Mathews Shares Her Artistic Vision

Pat Mathews is a professor of modern art history at Oberlin, and teaches courses covering a variety of cultures and nationalities. She has written for several art publications and her recent book, Passionate Discontent: Creativity and Gender in French Symbolist Art, has been nominated for the College Art Association prize for best art history book of the year. Editor in chief Nick Stillman spoke with Mathews about her teaching style, feminism and the discipline of art history.

Nick Stillman: Do you think Oberlin’s art history department is understaffed and that each professor is expected to cover too broad a range of material?

Pat Mathews: I think the art history program is very appreciated by the College — it’s very highly enrolled. I don’t think we’re understaffed in Western art, but art outside of the West. Arts are so global now. I think anyone in the department would agree with that.

NS: What’s your stance on professors teaching about a culture or race to which they don’t belong? Can it be done without seeming patronizing?

PM: As long as I don’t pretend to be an expert on the experience, it’s my responsibility to talk about it. I feel like it’s my responsibility to teach African-American art since I’m the modernist. The only thing is not to claim you’re the authority.

NS: In the course catalog description for your “Art in the World” class you wrote you’re trying to focus on areas where the artists’ work relates to their contemporary culture. How do you choose which cultures to cover?
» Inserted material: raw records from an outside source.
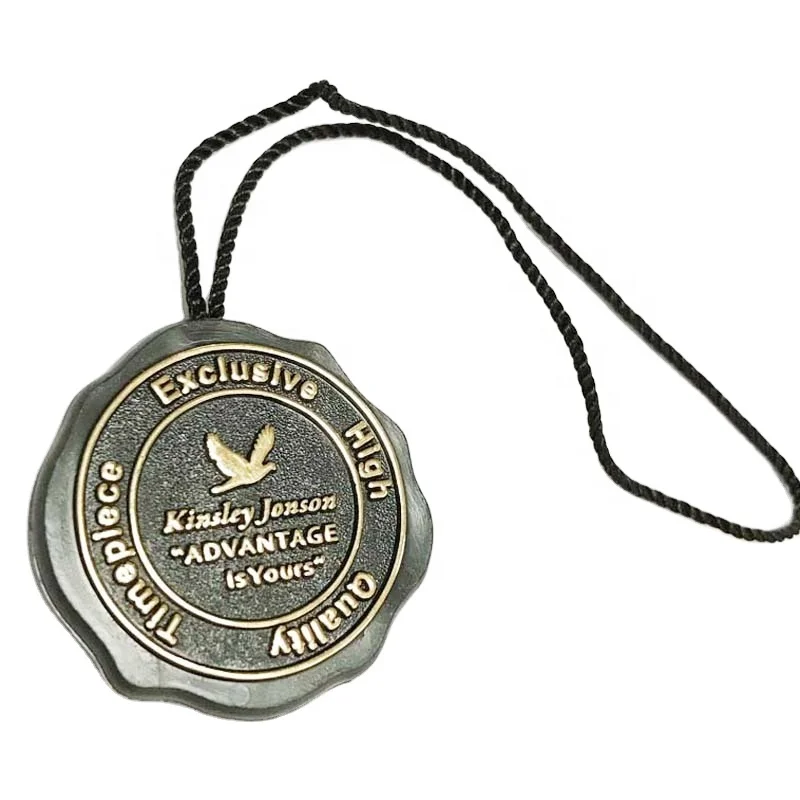 Watch Hang Tags Custom Quality Embosed Logo Authentic Hologram Plastic Garment Tags with Nylon String on Two Ends White Plastic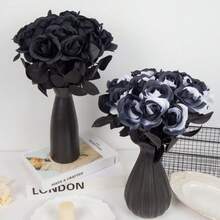 10pcs Artificial Black And White Roses Bouquet, Plastic Gothic Fake Flowers For Wedding, Halloween Decor Realistic Rose Stem For Home Office Display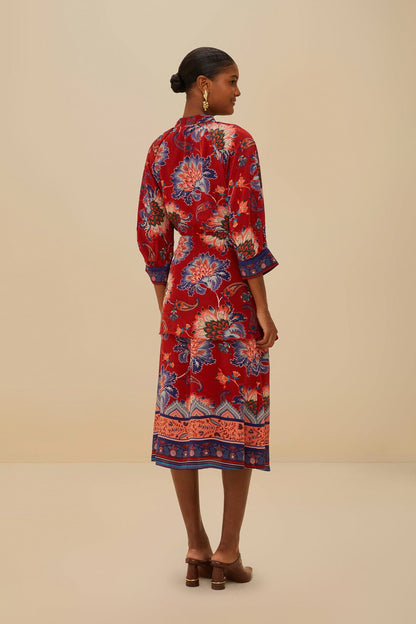 FARM Rio Luang Red Scarves Blue Maxi Dress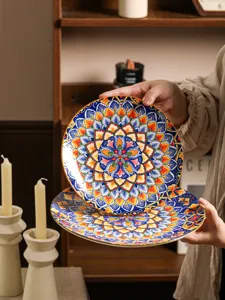 Keramik Speiseteller boho Blumen Mandala Muster Steak Dessert Teller Detailansicht.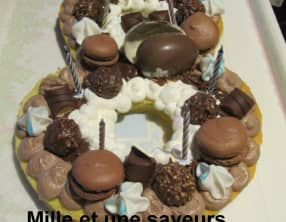 Number cake chantilly chocolat, crémeux gianduja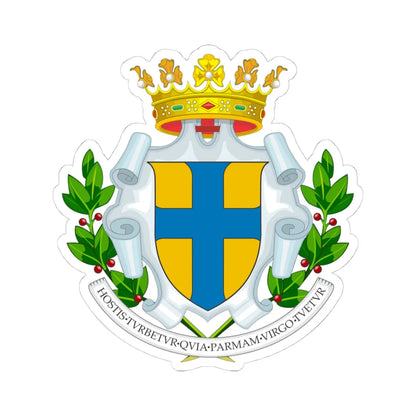 Coat of arms of Parma (Italy) (Coat of Arms) STICKER Vinyl Kiss-Cut Decal 4 Inch White - The Sticker Space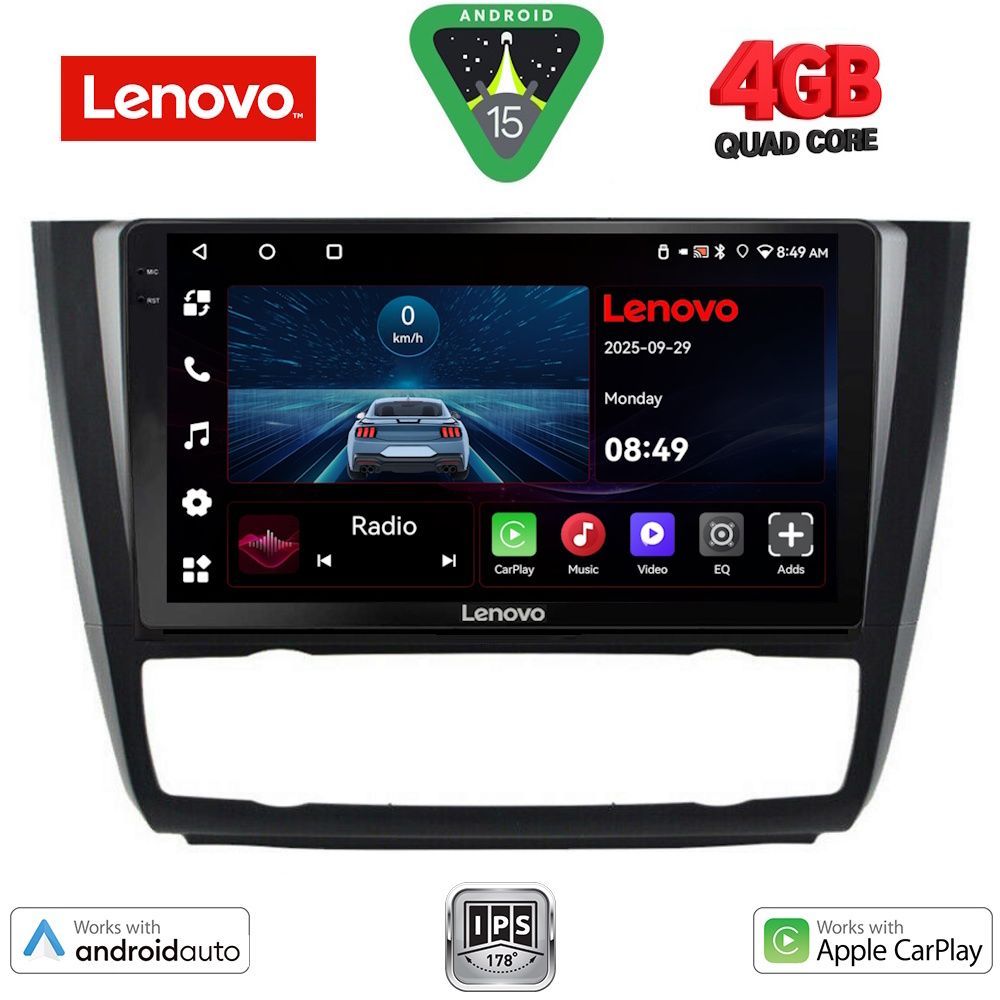 Οθόνη BMW series 1 (E81/E82/E87/E88) 2004 - 2013 με CarPlay, Android Auto, GPS, BT - LENOVO LVE 8040_CPAA CLIMA (9inc)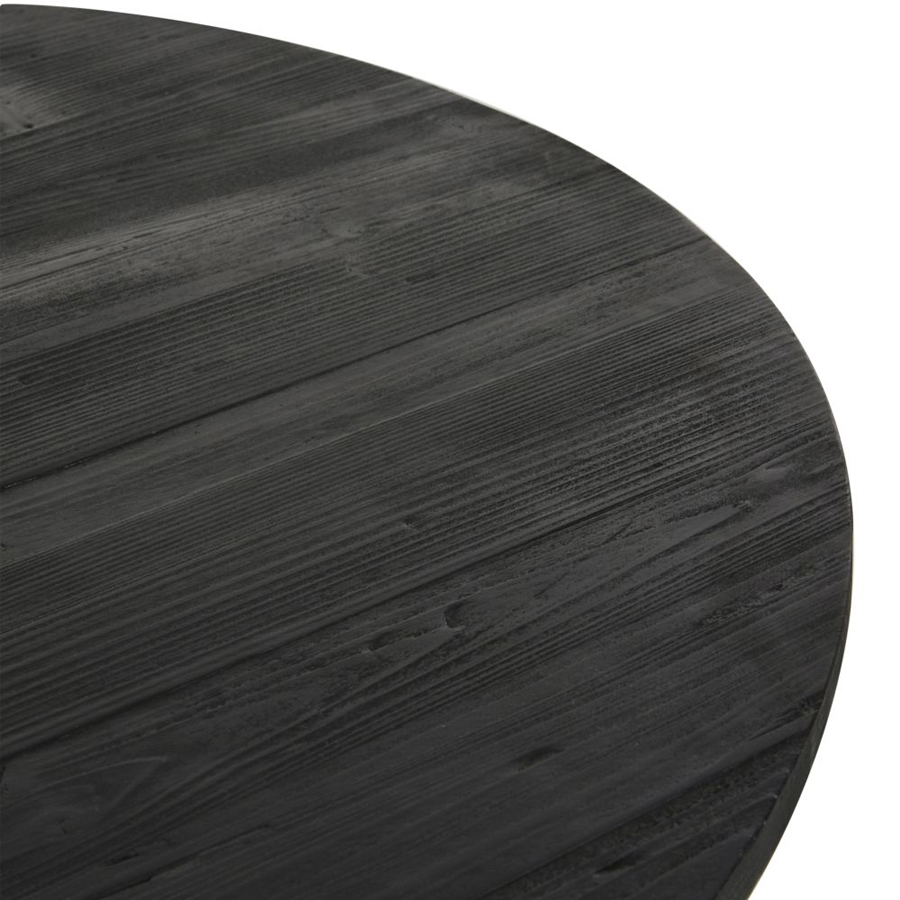CESAREE - Table à manger en pin recyclé noir 6/8 personnes D140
PM: I’m teaching the course on two cultures I know nothing about — Chinese and African. To go outside what I know I’ve always felt wouldn’t be doing a good job for the students, but I’m doing it. We need it so badly. I looked at these two cultures and their contemporary art I could grasp by reading histories. I’m reading everything I can get my hands on. I chose these cultures because I feel there’s really good written material. I originally chose Mexico but three is too many to teach.

NS: Give me a brief synopsis of how you teach your intro-level course.

PM: I have a goal. I want students to come out not knowing a condensed chronology but to think about and look critically at art so they can go to any museum and feel comfortable looking at art — not just a visual vocabulary but an intellectual one as well.

NS: What do you think is more effective about teaching the course that way as opposed to a more traditional chronological approach?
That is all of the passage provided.